EDUCATION/EXPERIENCE:
- High School Graduate or GED is required.
- Bachelor’s Degree in Health Administration, Health Information Management or other related degrees preferred.
- 1-3-year professional code experience as a Certified Professional Coder (CPC) or Certified Outpatient/Inpatient Code (CIC/COC) or Certified Risk Adjustment Coder (CRC) or Certified Family Practice Coder (CFPC) is preferred.
CERTIFICATES, LICENSES, REGISTRATIONS:
Certified Risk Adjustment Coder (CRC) certification preferred.
PHYSICAL DEMANDS:
- Prolonged periods of sitting at a desk and working on a computer.
- Must be able to lift up to 15 pounds at times.
WORK ENVIRONMENT:
Work is performed in a clinic office environment. Contact with staff, patients and outside agencies.
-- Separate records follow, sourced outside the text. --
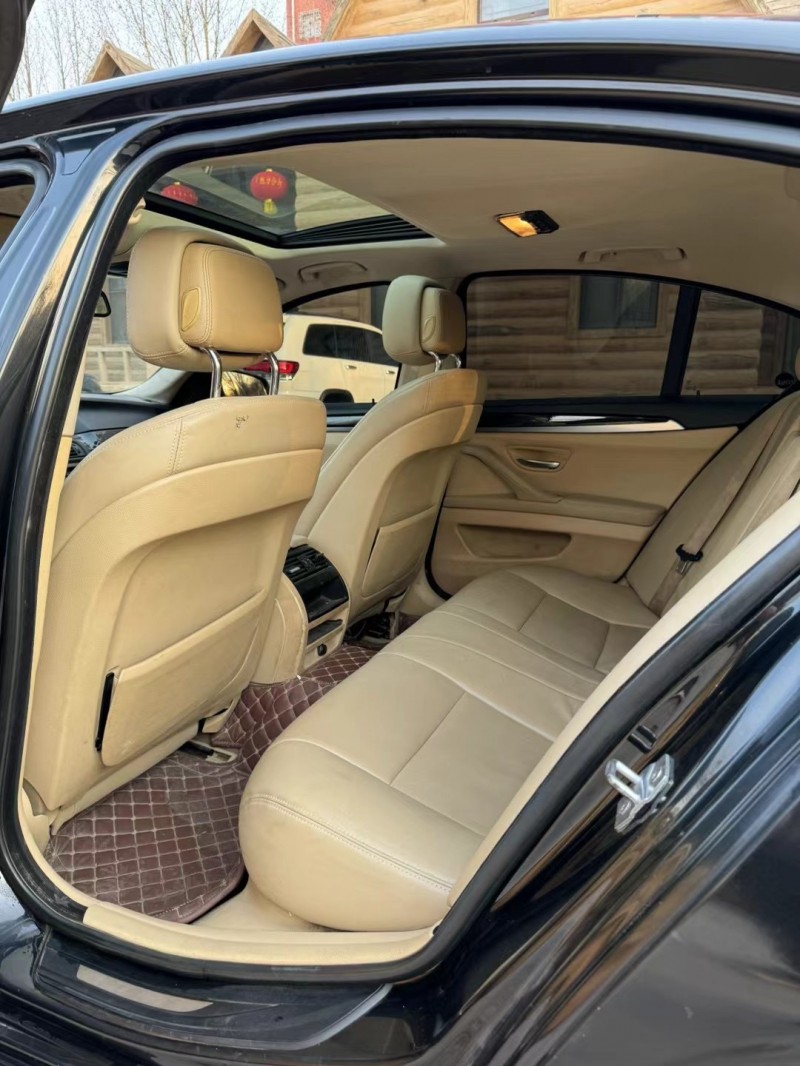 邢台13年宝马5系7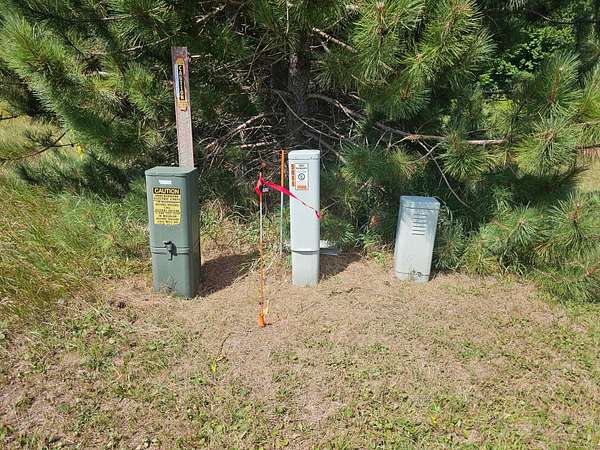 1.54 Acres of Residential Land for Sale in Three Lakes, Wisconsin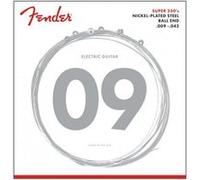 Fender 250L Nickel-Plasted Steel - Jeu de cordes guitare électrique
Possible exposure to communicable disease and medical preparations common to clinic environment.
SUPERVISORY RESPONSIBILITIES:
None
A summary of our benefits include but are not limited to: health, dental, vision, HSA, FSA, basic life insurance, voluntary additional life insurance, spousal and child insurance, long-term disability, and a 403b retirement plan.
In addition, job offers made during flu season are conditioned on the candidate receiving the annual flu vaccination before their start date.
RCH is an equal opportunity employer. All applicants will be considered for employment without attention to race, color, religion, sex, sexual orientation, gender identity, national origin, veteran or disability status.